Entering edit mode
8.2 years ago
armedcoffe445
•
0
Hello,
is there a rather fast way to download assemblies by only having a list of accession numbers?
Could this be done with a shell script?
Basically, by having this number NC_002695 for Escherichia coli O157:H7 str. Sakai, to download all the protein sequence from for that organism.
Batch download as in I have more queries. Plural. Not one.
If you need the protein sequence then you can iterate over your list of accession numbers and create links in the format of the link above. The "all" genomes directory is large and it may timeout in a browser. You will have to map your accession numbers to GCF* numbers.
A possible loop can be as simple as
Great!
But can there be a way to differentiate between representative and reference genomes?

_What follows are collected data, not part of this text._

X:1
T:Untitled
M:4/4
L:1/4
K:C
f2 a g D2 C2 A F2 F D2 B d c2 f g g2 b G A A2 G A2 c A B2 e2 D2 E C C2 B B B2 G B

RefSeq bacterial genomes are here: ftp://ftp.ncbi.nih.gov/genomes/refseq/bacteria/
Problem is you will need to choose between multiple options once you are inside the directory of a genome. There are more than one versions (e.g. ftp://ftp.ncbi.nih.gov/genomes/refseq/bacteria/Escherichia_coli/reference/) and there are no protein sequences available in this hierarchy.
Okay. But how can I map accession numbers to GCF? That seems a bit tricky.
There is probably a file in there somewhere that has the info. I could not find it easily. If you have the species names then you could try file1 and file2 and get the GCF#.
Thanks! I'll another question about where I can find that file. That would be extremely useful!